Books & Poetry
Excerpt: Wild Sorrow by Sandi Ault
Web exclusive
Excerpt
Wild Sorrow
By Sandi Ault
Berkley Hardcover (2009)
It was cold and dark when we set out for Tanoah Pueblo the next morning, Kerry in his truck, and Mountain in my Jeep with me. We had been invited to come prepare for the solstice rituals and then participate in the festivities.
At the pueblo, Kerry took Mountain along when he and a few of the men went to gather up wood from the foothills of Sacred Mountain. Here in the pueblo, there was to be no using machinery, digging, chopping of wood, or excessive moving about during this time of "staying still" or Quiet Time, as it was commonly known. Kerry, a non-Indian and thus immune from these restrictions, would bring the previously stacked, cut, and dried wood back from the store-piles in the foothills by the truckload, and under the direction of the men from the pueblo — and with their help — pile it in great mounds, dotting the large dirt plaza in the center of the walled pueblo. This firewood would be used for the solstice ceremonies, and to build huge bonfires on Christmas Eve for the procession.
Momma Anna had instructed me to meet her outside the church after the first morning mass, but I was early. I stood outside the low adobe churchyard wall, wrapped in a blanket my medicine teacher had given me. I waited in the cold, listening to the sound of water flowing under the ice that nearly covered the small rio that ran through the center of the village. Big tissue-paper flakes of snow began to float down from the dark sky.
I heard a hinge creak, and a Tanoah man emerged from a nearby doorway, wrapped in a blanket. He stepped out onto the hard-packed earth in front of his home, holding one hand high to offer cedar to the coming sunrise. As his soft moccasins marched in place, he closed his eyes and gestured with the offering to the seven directions — first to the east and the rising sun, then to the south, the west, the north, the earth below, the sky above, and to the "Within," holding his pinch of cedar to his heart. As he completed this ritual by sprinkling the cedar tips over the ground, he opened his eyes and saw me. He walked in my direction, but stopped a few yards away from me. We studied one another for a moment, and I recognized Sevenguns just as he discerned that it was me. "It is cold," he said. "You want some coffee?"

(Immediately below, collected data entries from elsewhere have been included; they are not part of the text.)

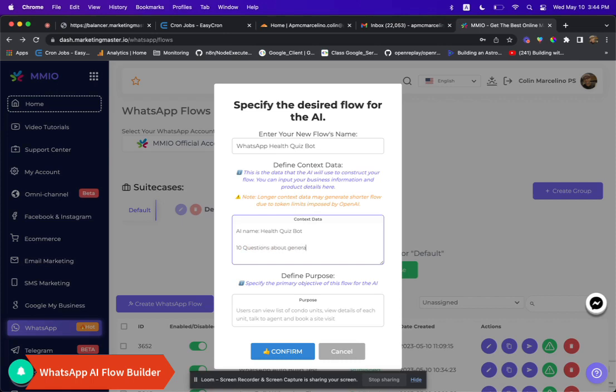First, head over to the WhatsApp Flow Builder dashboard and click on the AI Auto Build Flow button. Now it's time to enter the flow name and our prompt.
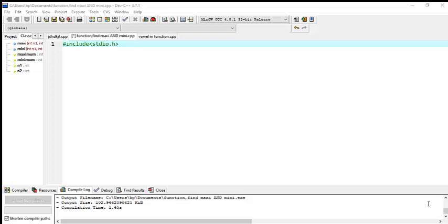I'm going to show you how to find the maximum and minimum number between two numbers. We use functions. We have included the library — #include <stdio.h> — right, okay.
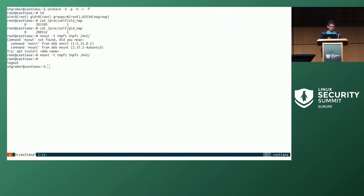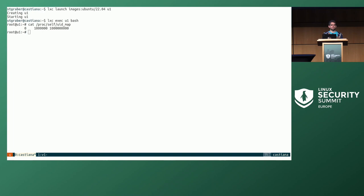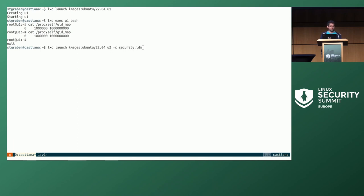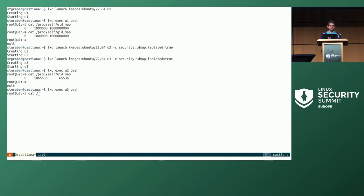I'm going to create a few containers quickly. This is a basic container as we create them in LXD — it's going to use a user namespace but map a large range of UIDs and GIDs: about a billion UIDs and GIDs starting at one million. That's our default. But you can also use security ID map isolated true, which finds a chunk of 65,536 UIDs and GIDs. Looking at /proc/self/uid_map in containers U2 and U3, that shows the safer case where we're effectively using different maps for each container.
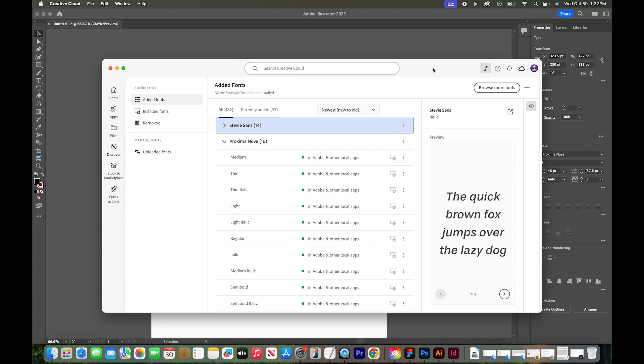Just a side note: if you're sharing any of these design projects with other people or with printers, you will need to make sure that that person also has the fonts installed on their computer, or they are going to have to replace the fonts in the file and not be able to see them.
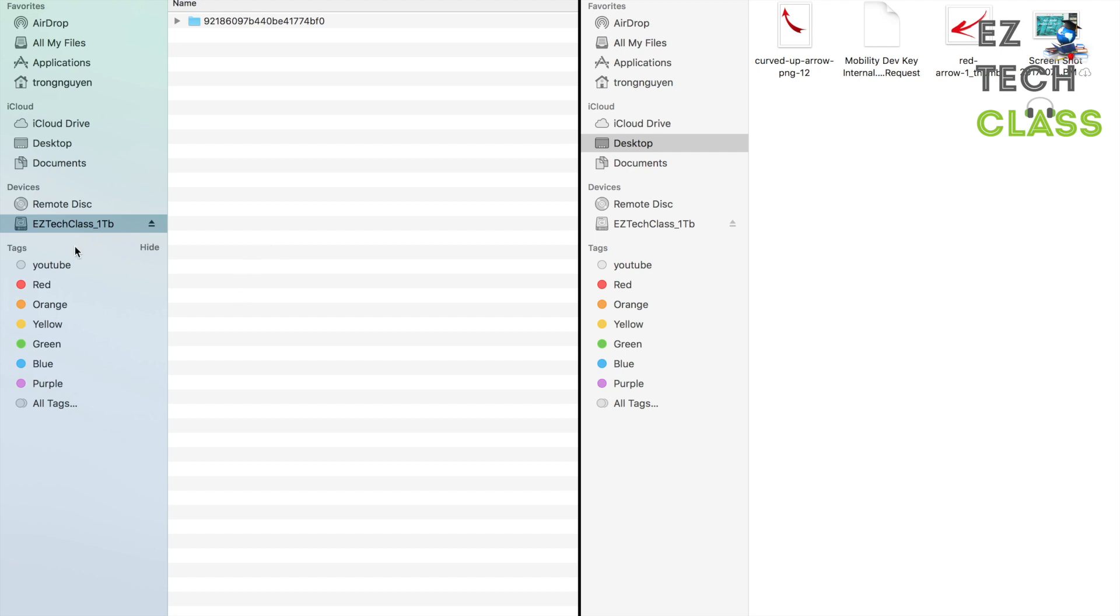Right now I have one portable device named EasyTech Class 1TB connected to my Mac, but I actually cannot use this one right now. Even though it's showing up on the list of devices, you can see right there on the right side sidebar, but I cannot copy any files into this drive.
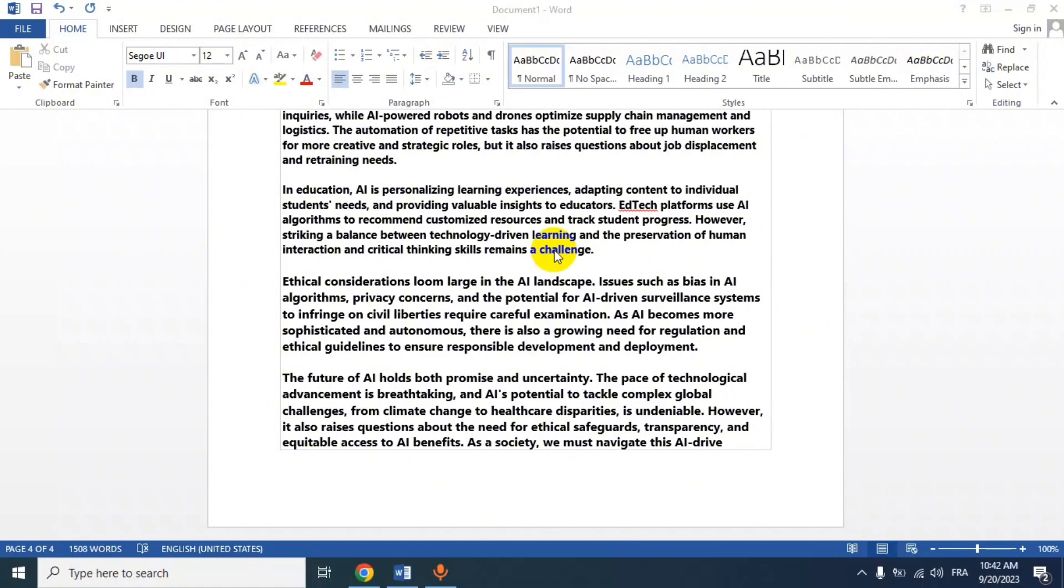Hello everyone and welcome to my channel. In today's video I will show you how to print four pages or more on one sheet in Microsoft Word. You can follow these steps: open your document in Microsoft Word, go to the File menu and select Print.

"That sounds good," I answered emphatically. Once again, the morning had reminded me of how painfully stiff and sore I still felt from the beating I'd taken in the avalanche two days ago. The cold seemed to exacerbate the experience. "I think I have a while to wait before the early mass is over."
"You could go on in there," he said, pointing at the church. "Might get some Jesus."
"No, that's okay," I grinned. "I was told to wait outside, so that's what I'll do."
"You come to my house." He waved an arm for me to follow him. "I leave the door open, you are just like outside. Only I got coffee and a good fire over there."